Search

Using Regression Tree to solve Regression Problems

The Regression Tree task can build a regression model using the decision tree approach.

The output of the task is a tree structure, and a set of intelligible rules, which can be analyzed in the Rule Manager.

Prerequisites

you must have created a flow;
the required datasets must have been imported into the flow;
the dataset used for the analysis must have been well prepared, and and includes a categorical output and a number of inputs. Data preparation may involve discretization before building the decision tree, to improve the accuracy of the model and to reduce the computational effort.
a unified model must have been created by merging all the datasets into the flow.

Additional tabs

The Monitor tab, where it is possible to view the statistics related to the generated rules as a set of histograms, such as the distribution of the number of conditions, covering and error.
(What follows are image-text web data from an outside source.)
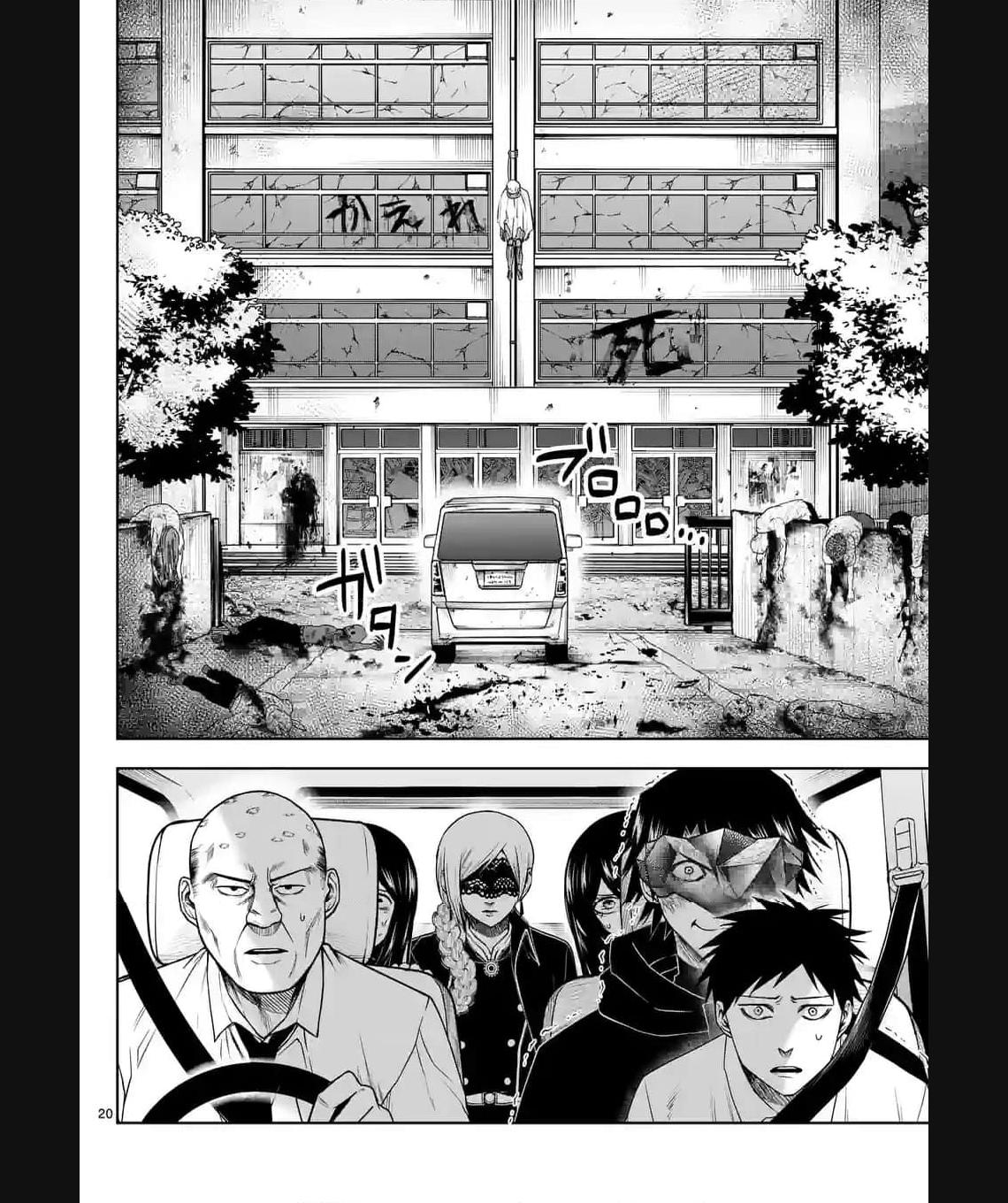 常人仮面 第43話 - Page 20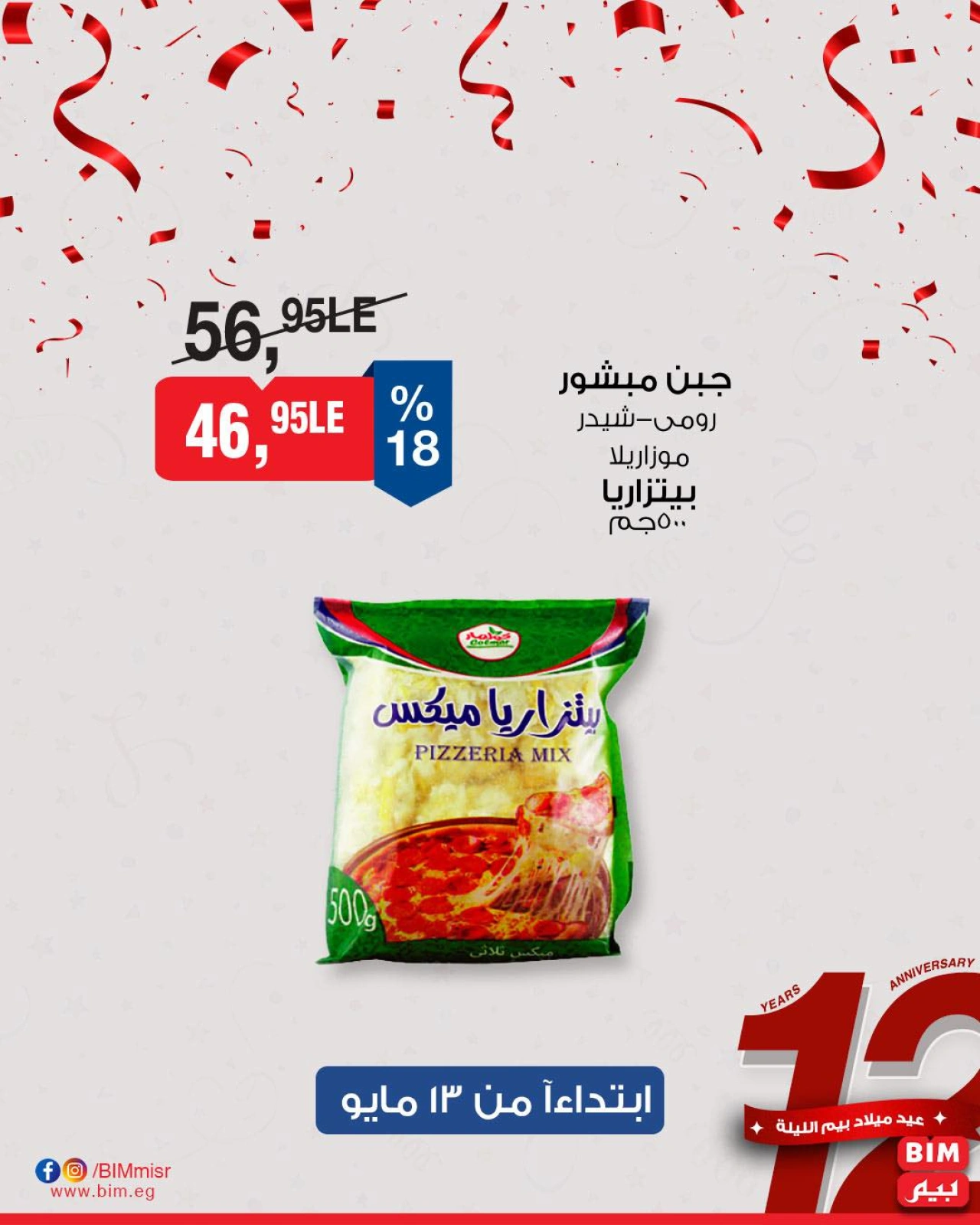 Page 45 dans Offres à prix réduits chez Marché du BIM Egypte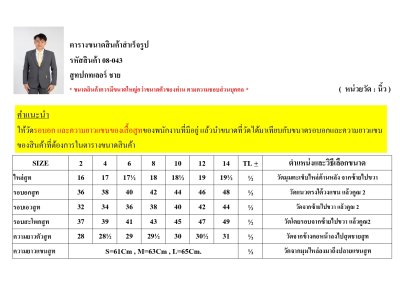 สูทปกเทเลอร์ชาย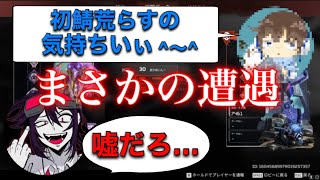 【APEX】初鯖荒らし狩りをしていたら『あの人物』に遭遇したwww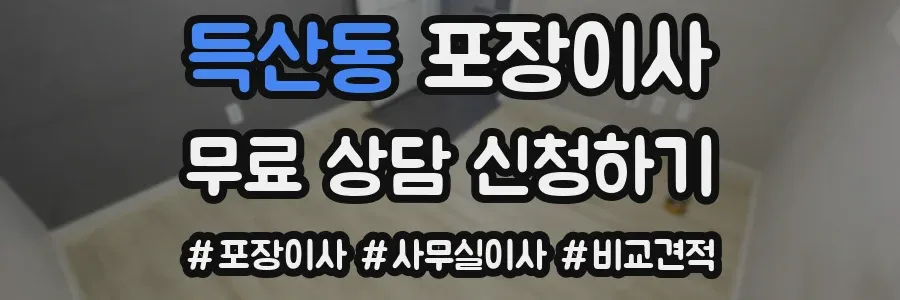 득산동 포장이사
Rules relative to different classes are displayed as bars of a specific color. These plots can be viewed during and after computation operations.
The Results tab, where statistics on the RT computation are displayed, such as the execution time, number of rules etc.

Procedure

Drag the Regression Tree task onto the stage.
Connect a task, which contains the attributes from which you want to create the model, to the new task.
Double click the Regression Tree task.
Configure the options described in the table below.
Save and compute the task.

Parameter Name	Description
Regression Tree options
Input attributes	Drag and drop the input attributes which will be used to generate predictive rules in the decision tree.
Output attributes	Drag and drop the attributes which will contain the results of the predictive analysis.
Minimum number of patterns in a leaf	The minimum number of patterns that a leaf can contain. If a node contains less than this threshold, tree growth is stopped and the node is considered a leaf.
Maximum impurity in a leaf	Specify the threshold on the maximum impurity in a node. The impurity is calculated with the method selected in the Impurity measure option. By default this value is zero, so trees grow until a pure node is obtained (if possible with training set data) and no ambiguities remain.
Pruning method	The method used to prune redundant leaves after tree creation. The following choices are currently available: No pruning: leaves are not pruned and the tree is left unchanged. Cost-complexity pruning: according to this approach, implemented in CART the tree is pruned through a cost-complexity measure that creates a sequence of sub-trees and finds the best one through the application on a validation set. Each sub-tree is created from the previous one by minimizing a cost-complexity measure that takes into account both the mis-classification level in the training set and the number of leaves.
Method for handling missing data	Missing data can be handled using one of the following methods: Replace with average: missing values are replaced with the value fixed by the user for the corresponding attribute (for example, by means of a Data Manager). If this value is not set, the average computed on the training set is employed. Remove from splits: patterns with missing value in the test attribute are removed from the subsequent nodes. Include in splits: patterns with missing values in the test attribute at a given node are sent to both the sub-nodes deriving from the split.
Select the attribute to split before the value	If selected, the QUEST method is used to select the best split. According to this approach, the best attribute to split is selected via a correlation measure, such as F-test or Chi-Square. After choosing the best attribute, the best value for splitting is selected.
Aggregate data before processing	If selected, identical patterns are aggregated and considered as a single pattern during the training phase.
Initialize random generator with seed	If selected, a seed, which defines the starting point in the sequence, is used during random generation operations. Consequently using the same seed each time will make each execution reproducible. Otherwise, each execution of the same task (with same options) may produce dissimilar results due to different random numbers being generated in some phases of the process.
Append results	If selected, the results of this computation are appended to the dataset, otherwise they replace the results of previous computations.

Example

The following example uses the Adult dataset.

Description

Screenshot

After having imported the dataset with the Import from Text File task and splitting the dataset into test and training sets (30% test and 70% training) with the Split Data task, add a Regression Tree to the flow and define the following parameters. As this is a regression task, we need an ordered output, so we define the hours-per-week attribute as the output attribute.
Drag the following attributes onto the Input attributes pane:
- age
- workclass
- education
- occupation
- race
- sex
- native-country
- income
Specify No pruning in the Pruning method drop down list.
Save and compute the task.

The properties of the generated rules can be viewed in the Monitor tab of the RT task.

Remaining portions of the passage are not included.